Activity | Below are some records; give them all again exactly, but not the pictures.

[Stored items from a collection]
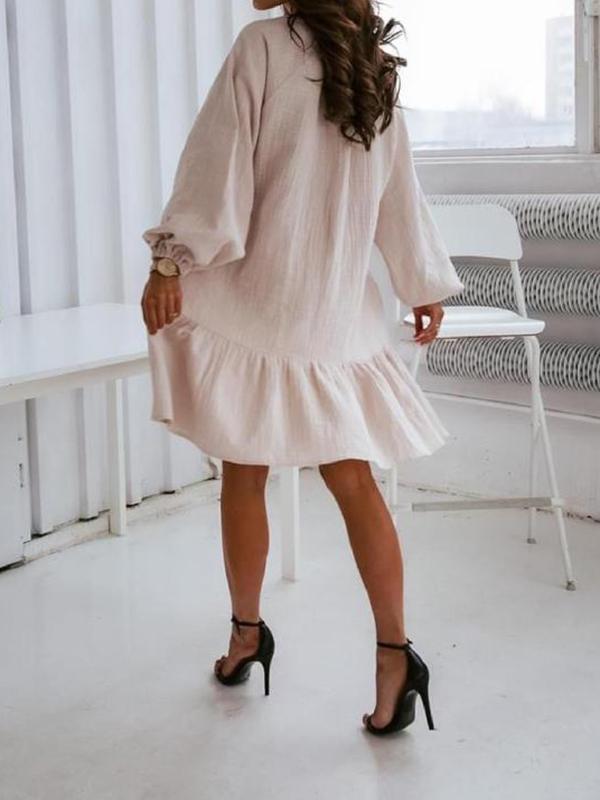 Solid Color Ruffles Drawstring Round Neck Long Sleeve Lantern Sleeve A-Line Mini Dress Women Fashion Summer Dress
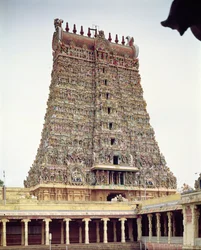 View of the Carved Exterior of the South Gopuram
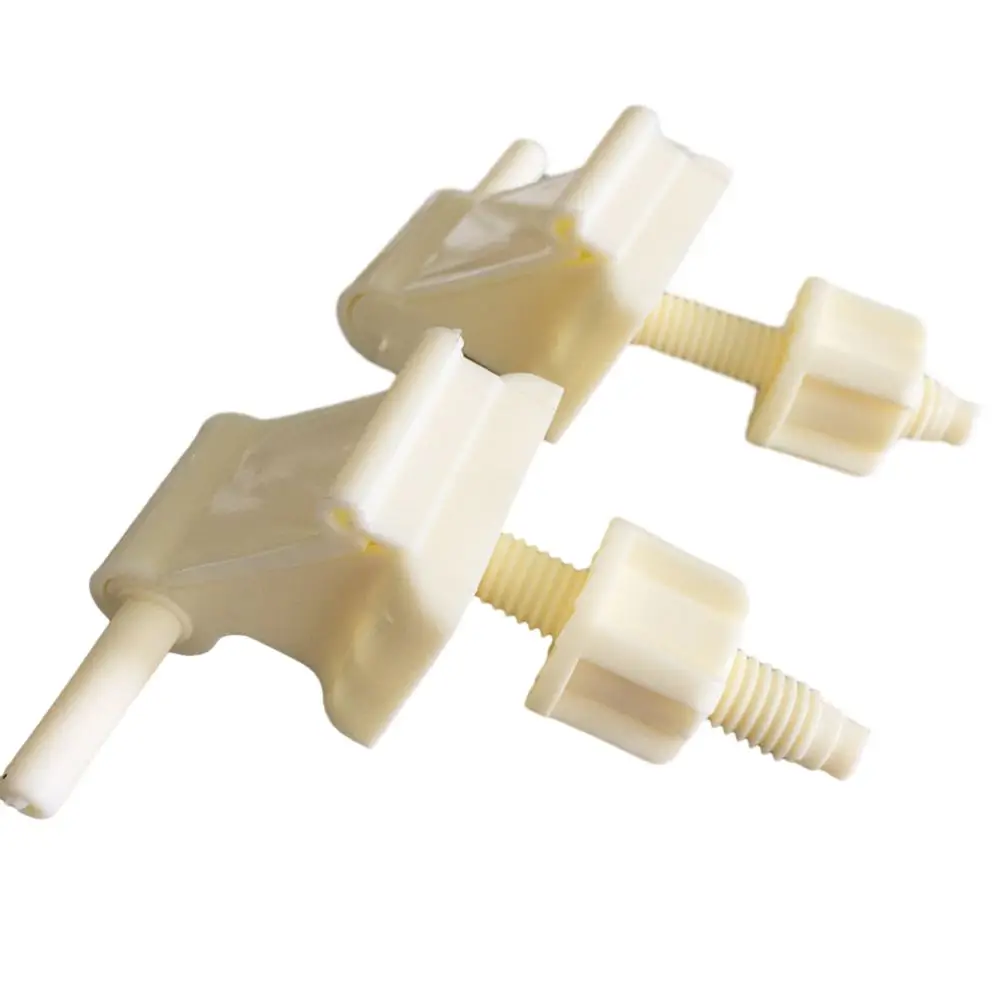 

Reliable White Plastic Toilet Seat Hinge Replacement Kit, Sturdy Construction, Easy to Install with Fittings and Components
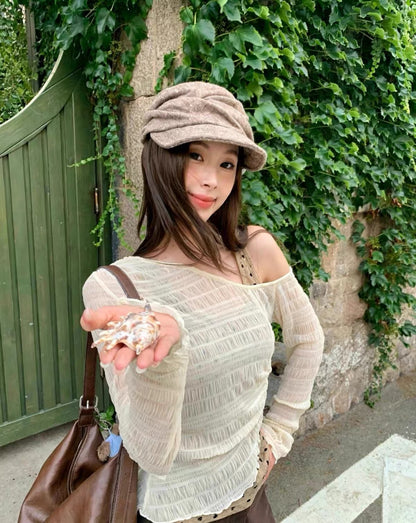 Polka Dot Two Piece Long Sleeve Top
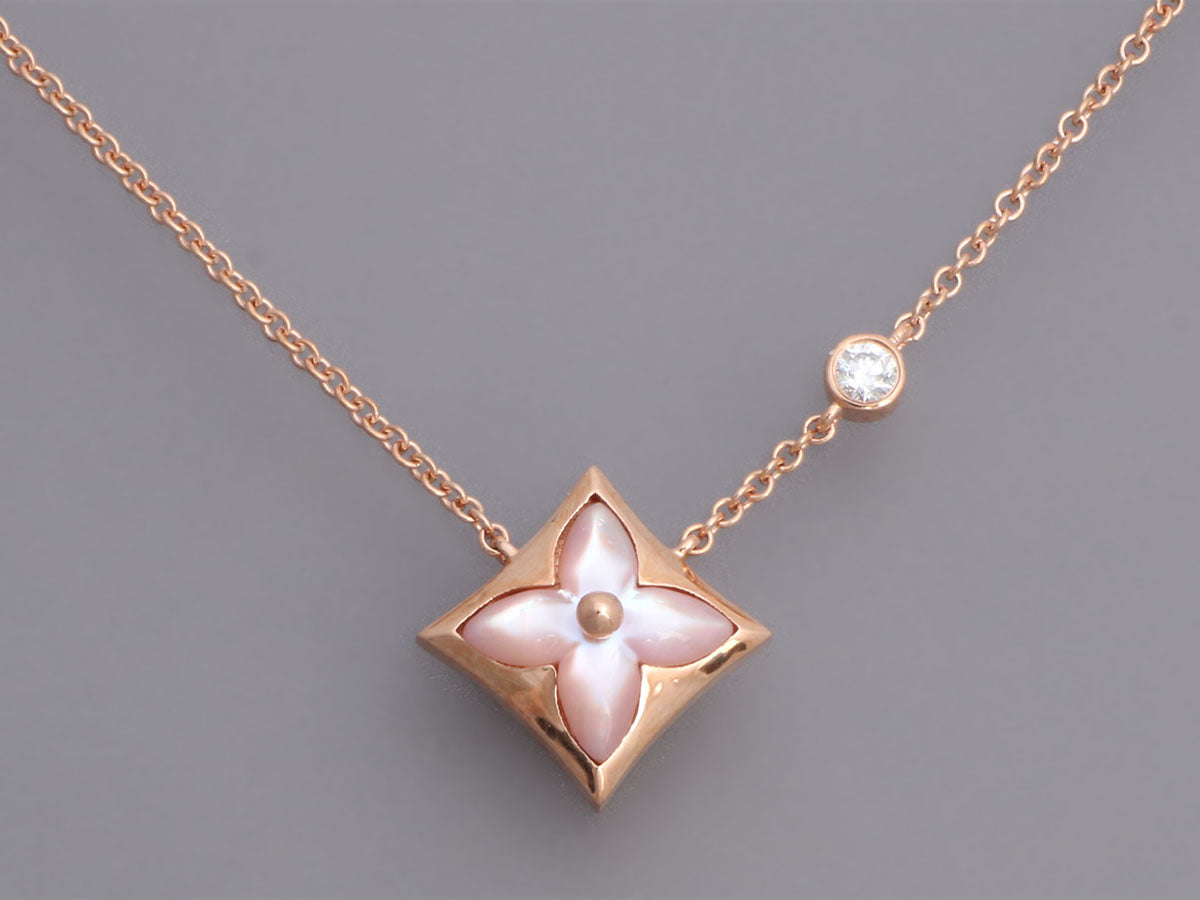 Louis Vuitton 18K Rose Gold Color Blossom BB Star Pendant Necklace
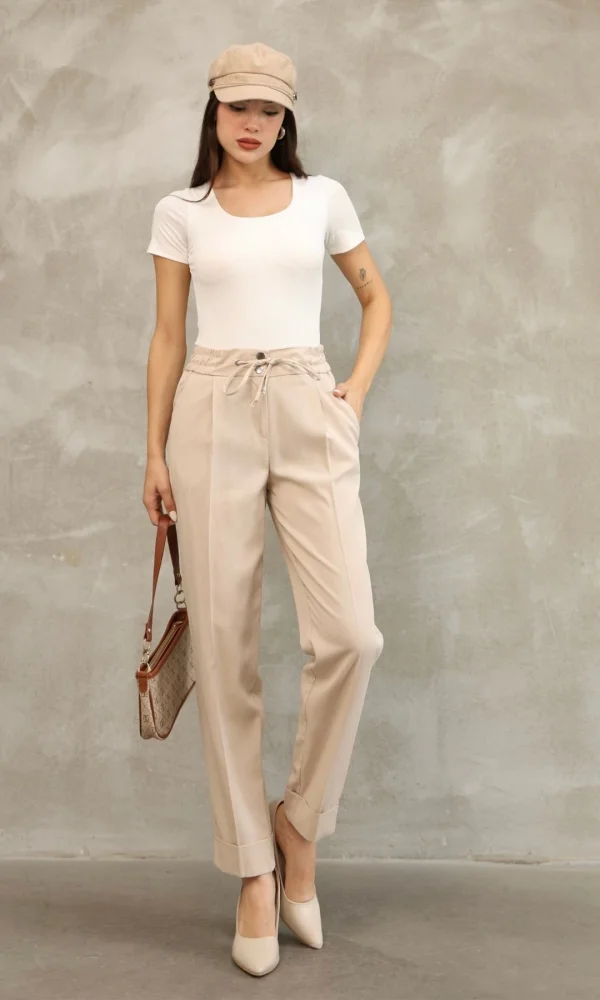 Bağlama Detaylı Beli Lastikli Kumaş Pantolon 6171-Vizon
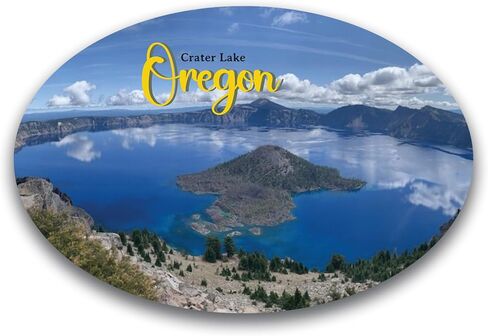 ملصق مغناطيسي بيضاوي Magnet Me Up Oregon Crater Lake Cascade Mountain State، مقاس 4x6 بوصة، مغناطيس تلقائي للسيارة، هدية تذكارية رائعة لعشاق الطبيعة والمغامرين في الهواء الطلق، صُنع في الولايات المتحدة الأمريكية in Kuwait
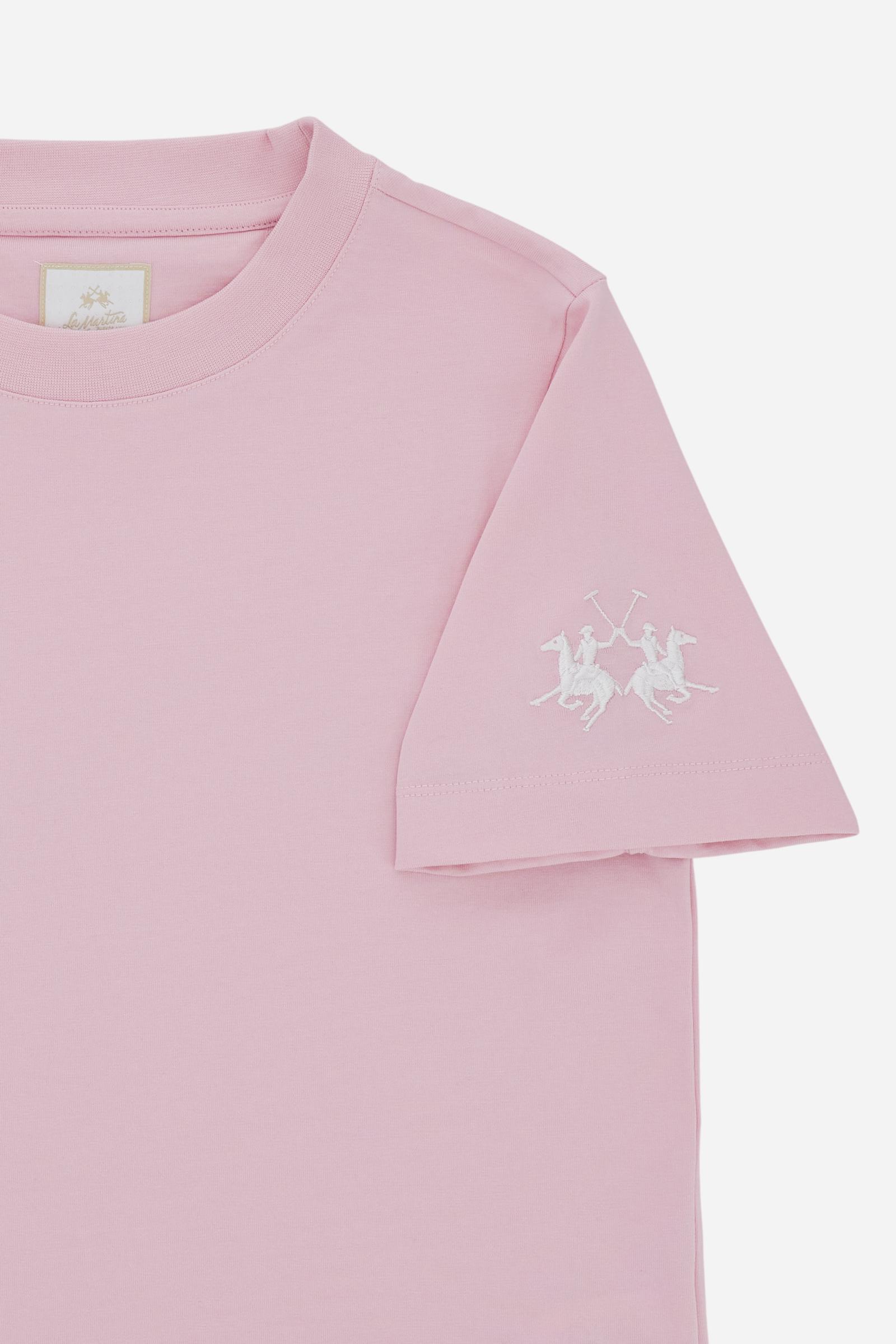 Women’s cotton jersey crew-neck T-shirt with maxi sleeve logo - Corina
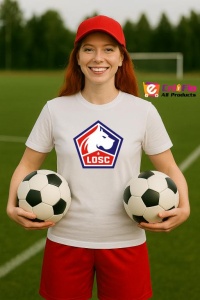 Tricou dama cu logo stema Lille LOSC Franta , din bumbac 100% - Img 8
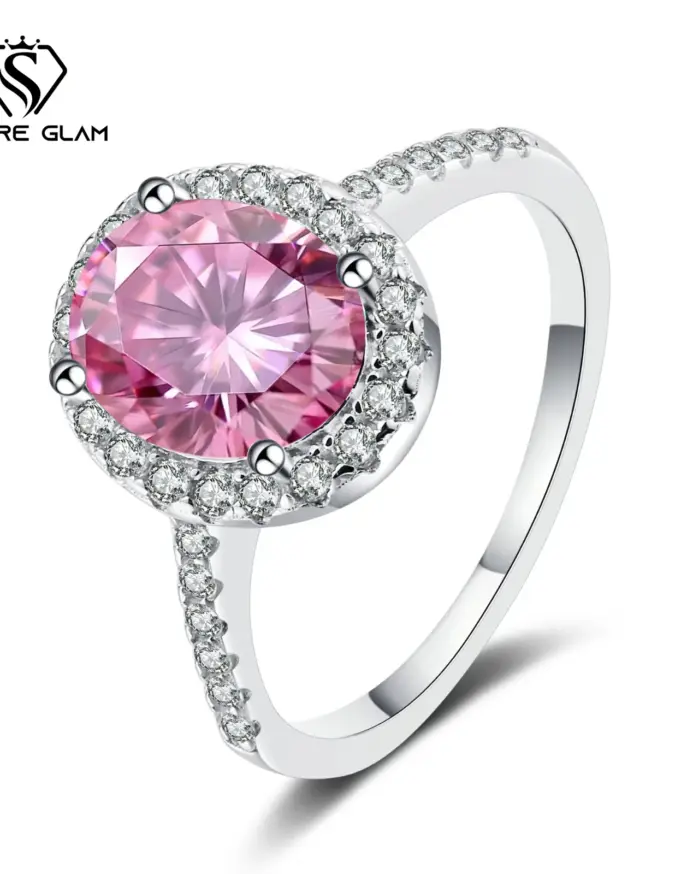 Anillo de hadas de moissanita de Color 1 CT D para mujer, anillos de piedras preciosas de moissanita, alianzas de compromiso de plata S925, joyería fina 1
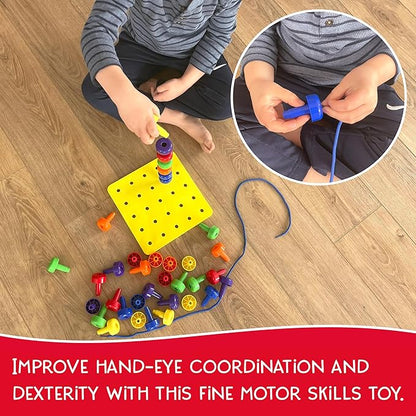 Foam Peg Board Toy - 36 Pegs, Foam Board, Lacing String, Storage Bag - Occupational Therapy Toys - Fine Motor Skills Toys for Toddlers and Kids (Yellow)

Task result |
 Solid Color Ruffles Drawstring Round Neck Long Sleeve Lantern Sleeve A-Line Mini Dress Women Fashion Summer Dress
 View of the Carved Exterior of the South Gopuram

Reliable White Plastic Toilet Seat Hinge Replacement Kit, Sturdy Construction, Easy to Install with Fittings and Components
 Polka Dot Two Piece Long Sleeve Top
 Louis Vuitton 18K Rose Gold Color Blossom BB Star Pendant Necklace
 Bağlama Detaylı Beli Lastikli Kumaş Pantolon 6171-Vizon
 ملصق مغناطيسي بيضاوي Magnet Me Up Oregon Crater Lake Cascade Mountain State، مقاس 4x6 بوصة، مغناطيس تلقائي للسيارة، هدية تذكارية رائعة لعشاق الطبيعة والمغامرين في الهواء الطلق، صُنع في الولايات المتحدة الأمريكية in Kuwait
 Women’s cotton jersey crew-neck T-shirt with maxi sleeve logo - Corina
 Tricou dama cu logo stema Lille LOSC Franta , din bumbac 100% - Img 8
 Anillo de hadas de moissanita de Color 1 CT D para mujer, anillos de piedras preciosas de moissanita, alianzas de compromiso de plata S925, joyería fina 1
 Foam Peg Board Toy - 36 Pegs, Foam Board, Lacing String, Storage Bag - Occupational Therapy Toys - Fine Motor Skills Toys for Toddlers and Kids (Yellow)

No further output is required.